SPP based CDN usage scenarios

With p2pd it is possible to build content distribution networks (CDNs) for Video-on-Demand (VoD) streaming. It is possible for clients to use HTTP (see HTTP based CDN usage scenarios), but a greater number of configurations is possible if p2pd also runs on the client machines.

Overview

Problem description: A content provider wishes to build a CDN for hosting (large) high quality video files for VoD streaming, and is assumed to already have a generic HTTP server (such as Apache) for web pages, which will handle all all non-video presentation. The p2pd based CDN is only to be used to distribute the video data, after video playback has been requested. A separate media player application will handle decoding of the video once it has been received at the client machine.

The p2pd based CDN can consist of three types of nodes; servers, caches (SCC nodes), and client machines (LHC nodes). The servers keep media files in the directory /mediafiles, which is used to publish files. The caches store downloaded files in the directory /cachefiles, the clients use $HOME/.p2pd_cache. All p2pd processes are here assumed to run on port 1111 (the current default). A file movie.mpg distributed by the CDN would have the URL spp://cdn.example.com/movie.mpg.

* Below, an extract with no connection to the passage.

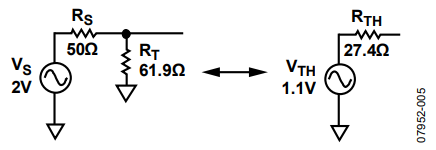 Figure 5. Calculating the Thevenin Equivalent.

The machines available for the part of the server infrastructure owned and maintained by the content provider are assumed to have IP addresses in the range 10.0.0.1 - 10.0.0.5, with the DNS name cdn.example.com pointing to the nodes that should be accessible by users.

Users are assumed to have p2pd installed on their machines, and for their browser and/or media player to request the video files from it (see the HTTP/SPP compatibility document for information on how to configure this).

Scenario 1: single server (no p2p operation)

This scenario has a single stand-alone SPP server which serves all files itself. Clients connect with SPP. In this configuration the primary benefit compared to using an HTTP server is that message digests are used to verify that the video data has been correctly transmitted.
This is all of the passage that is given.